__Goal of the exercise__. Only the lines from the one containing "Nike P-6000 Prm" through the end of the data below are to be repeated, exactly as given, without pictures.
——
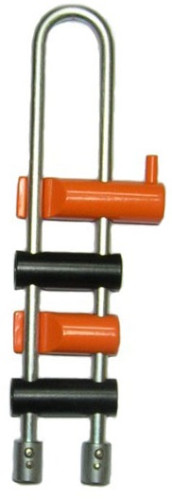  Спусковое устройство Вертикаль Решетка комбинированная в Самаре  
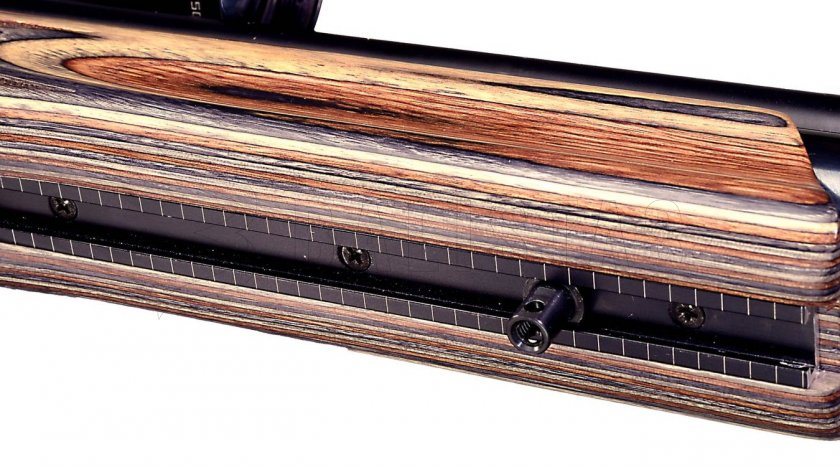 Luftgewehr Air Arms S510 Ultimate Sporter R Laminate 5,5mm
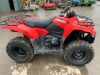 Suzuki King Quad 400 2WD/4WD Auto Quad - 7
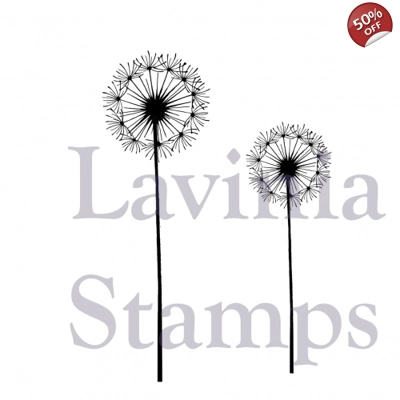 Fairy Dandelions LAV373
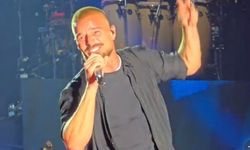 RİCKY MARTİN İSTANBUL'DA LATİN RÜZGÂRLARI ESTİRDİ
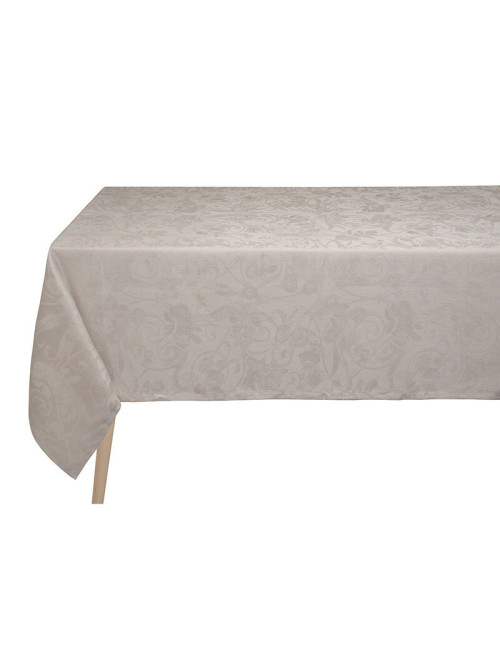 Nappe Tivoli Lin Le Jacquard Français - 10 coloris 6 tailles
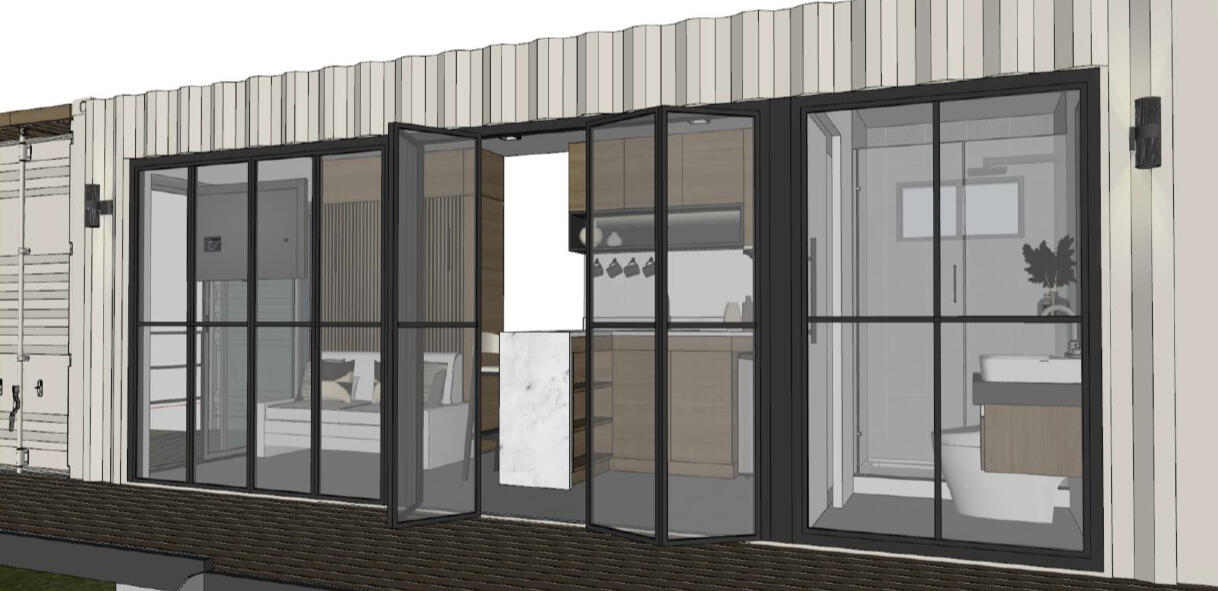 Exterior 5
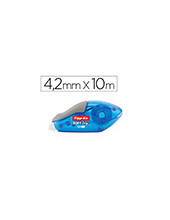 CORRECTOR TIPP-EX CINTA GRIP 5MMX10MT 2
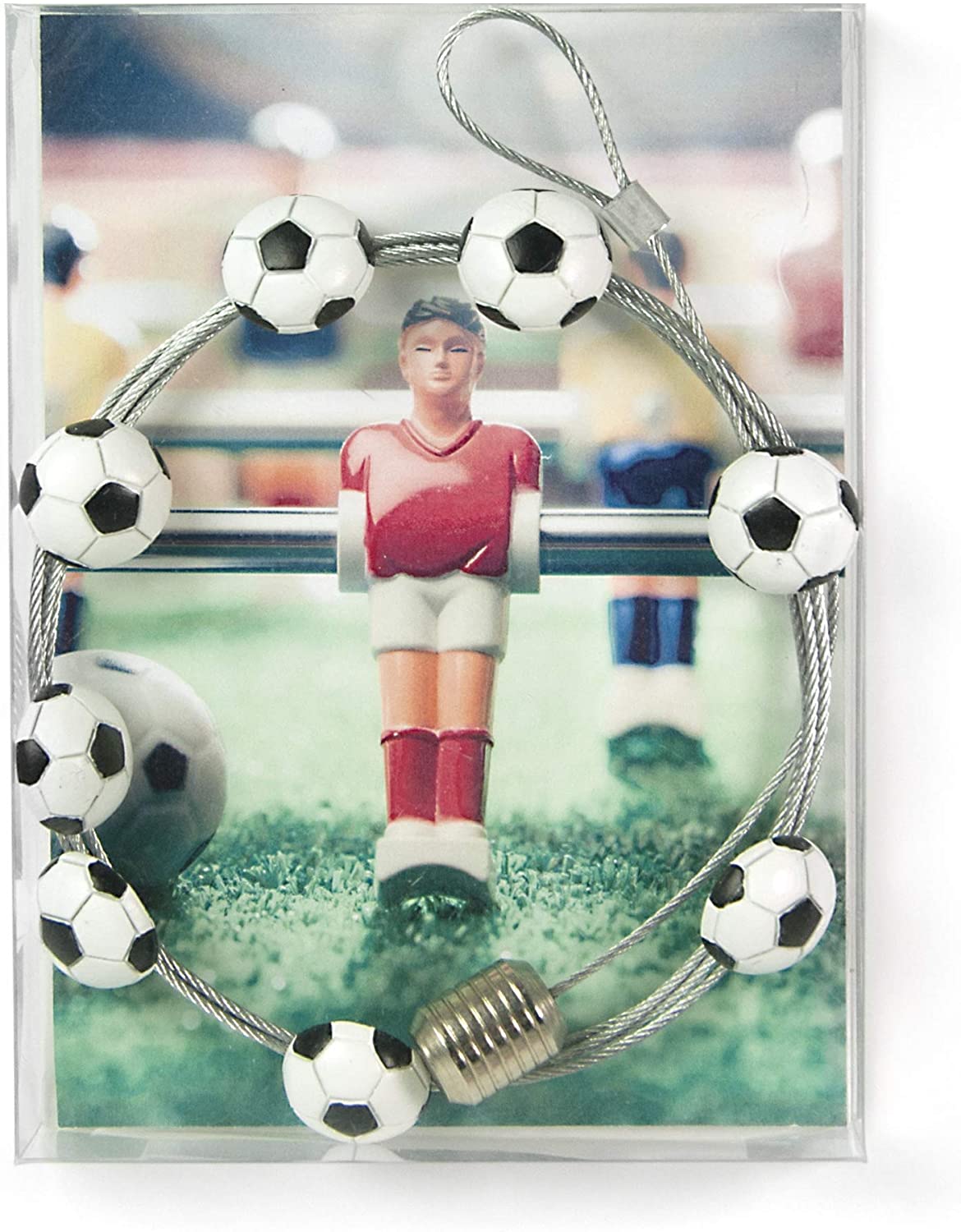 Magnets Photoline Football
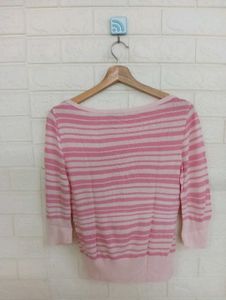 CuteStriped Top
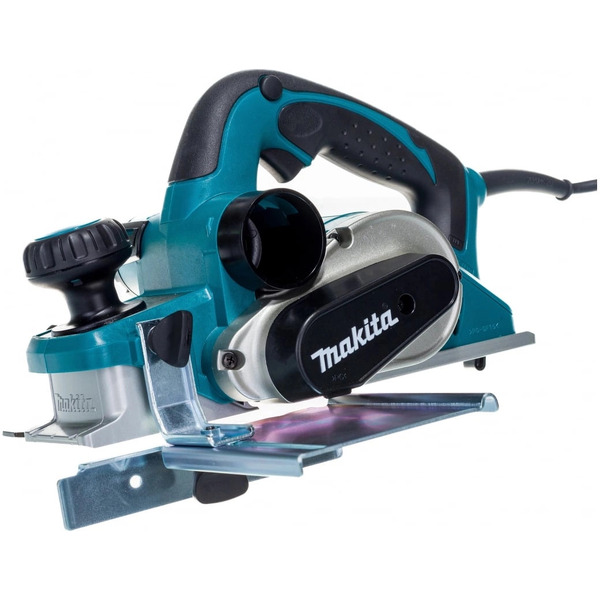 Рубанок электрический MAKITA KP0810
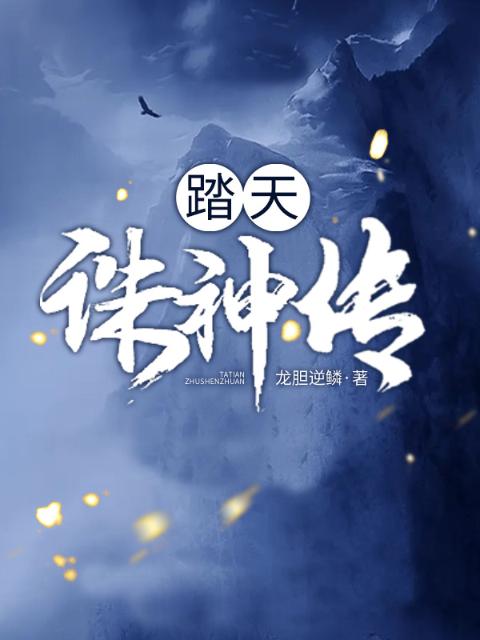 踏天诛神传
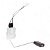 Medidor De Combustivel Bosch Para Peugeot 307 1.6 2006-2012 - Imagem 2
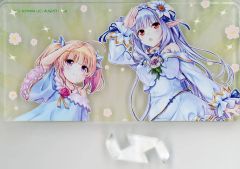 しらたまこ アクリルスタンド - メルカリ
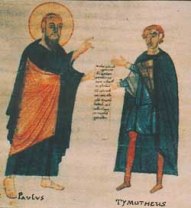 st-paul-and-st-timothy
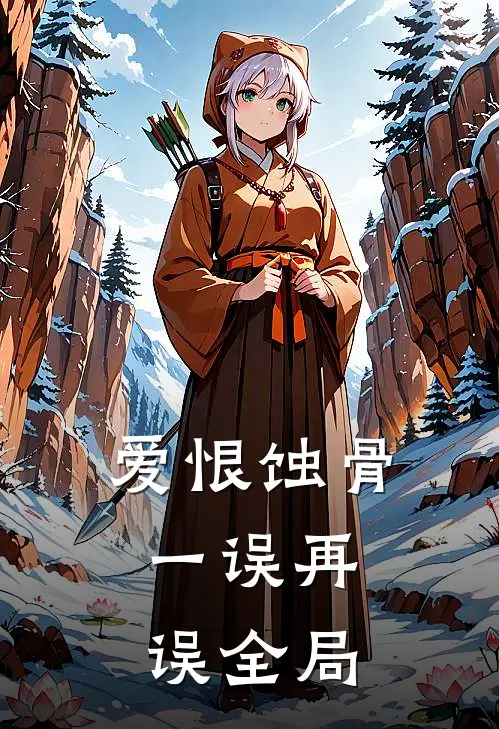 爱恨蚀骨，一误再误全局
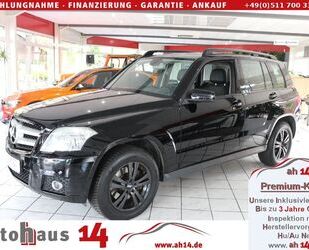 Mercedes-Benz GLK 350 Gebrauchtwagen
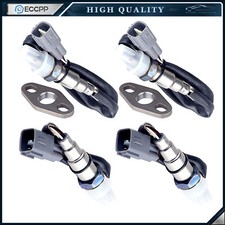 4pcs for 01-04 Toyota Sequoia Tundra 4.7L Ups...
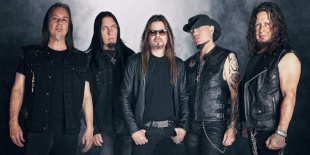 Queensrÿche Budapesten: a debütáló EP-t és a Warning lemezt is eljátsszák a 2025-ös koncerten!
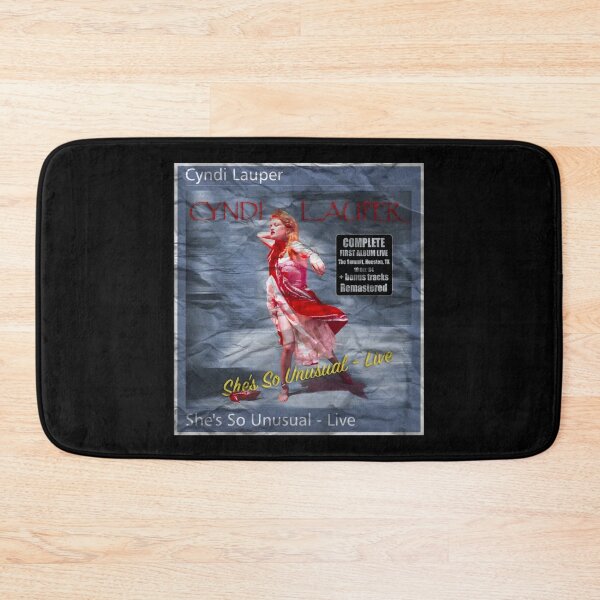 Item preview, Art - Cyndi Lauper designed and sold by DavekEmezy.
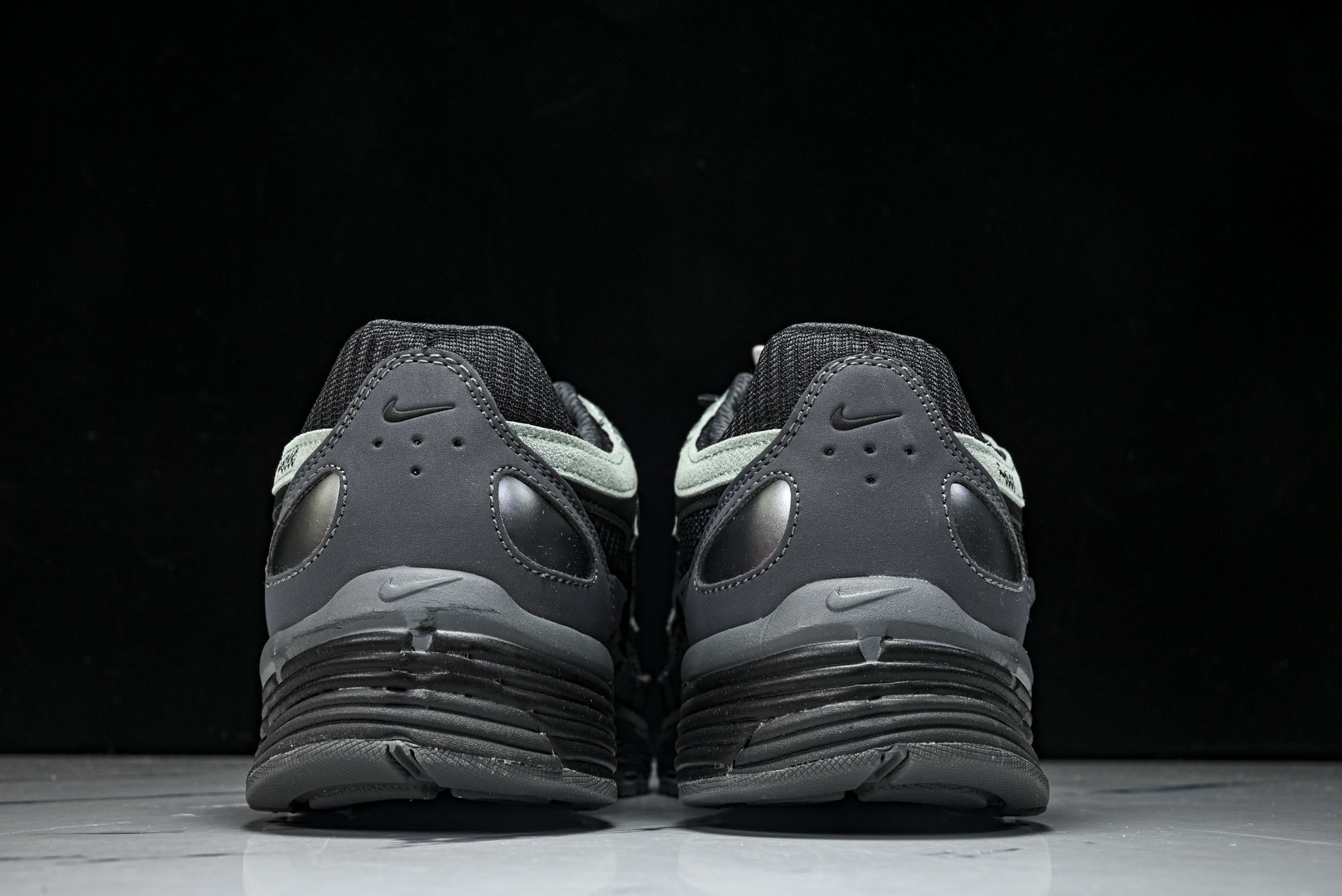 Nike P-6000 Prm 复古休闲运动老爹鞋 IM5997-06036 36.5 37.5 38 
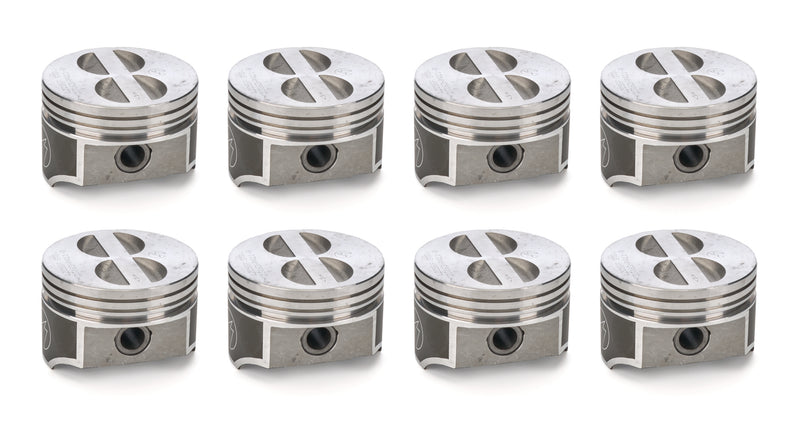 Forged Piston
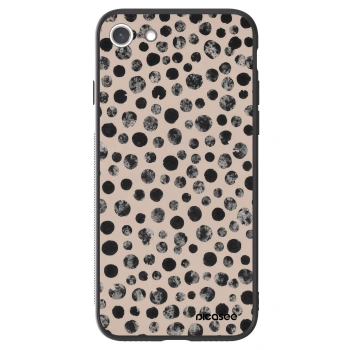 Picasee ULTIMATE CASE für Apple iPhone 7 - Dots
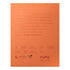 Yupo Medium Pad / Bloc de Papel Mediano Yupo Papel para Arte Legion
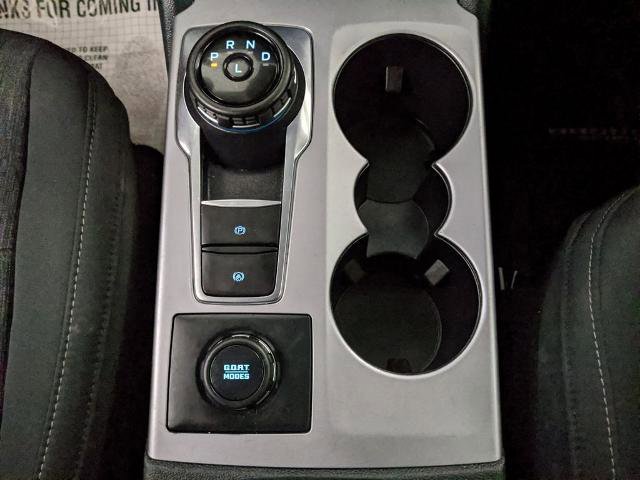 Certified 2024 Ford Bronco Sport Big Bend image 15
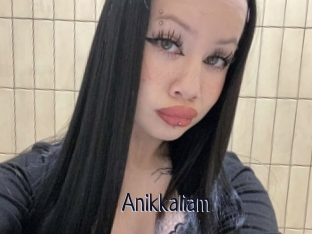 Anikkaliam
——
__Solution for this problem__.
 Nike P-6000 Prm 复古休闲运动老爹鞋 IM5997-06036 36.5 37.5 38 
 Forged Piston
 Picasee ULTIMATE CASE für Apple iPhone 7 - Dots
 Yupo Medium Pad / Bloc de Papel Mediano Yupo Papel para Arte Legion
 Certified 2024 Ford Bronco Sport Big Bend image 15
 Anikkaliam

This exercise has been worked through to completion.